Records shown
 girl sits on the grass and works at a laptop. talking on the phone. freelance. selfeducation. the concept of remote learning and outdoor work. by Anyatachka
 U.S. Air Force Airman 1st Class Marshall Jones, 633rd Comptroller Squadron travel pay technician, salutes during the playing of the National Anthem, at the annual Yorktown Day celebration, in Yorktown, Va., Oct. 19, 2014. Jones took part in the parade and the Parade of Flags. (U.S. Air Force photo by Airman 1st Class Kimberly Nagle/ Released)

--

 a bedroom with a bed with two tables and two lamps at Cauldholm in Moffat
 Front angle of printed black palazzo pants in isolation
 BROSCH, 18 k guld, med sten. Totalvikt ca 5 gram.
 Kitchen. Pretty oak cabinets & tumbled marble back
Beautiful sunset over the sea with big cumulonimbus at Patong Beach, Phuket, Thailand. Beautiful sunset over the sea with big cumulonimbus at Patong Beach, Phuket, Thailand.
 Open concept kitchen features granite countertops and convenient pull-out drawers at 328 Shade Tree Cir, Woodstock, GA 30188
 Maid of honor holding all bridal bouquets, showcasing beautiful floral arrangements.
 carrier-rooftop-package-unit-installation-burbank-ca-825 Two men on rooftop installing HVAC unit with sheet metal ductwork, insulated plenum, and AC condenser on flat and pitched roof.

...

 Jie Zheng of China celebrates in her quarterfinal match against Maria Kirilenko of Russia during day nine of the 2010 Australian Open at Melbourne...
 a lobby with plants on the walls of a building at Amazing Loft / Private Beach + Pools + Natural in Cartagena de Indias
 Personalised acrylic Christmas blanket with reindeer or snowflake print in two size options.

Instructions to follow
Only the lines above from the one with "Front angle of" up to and including the one with "Kitchen. Pretty oak" should be repeated, exactly as written.

Completed task
 Front angle of printed black palazzo pants in isolation
 BROSCH, 18 k guld, med sten. Totalvikt ca 5 gram.
 Kitchen. Pretty oak cabinets & tumbled marble back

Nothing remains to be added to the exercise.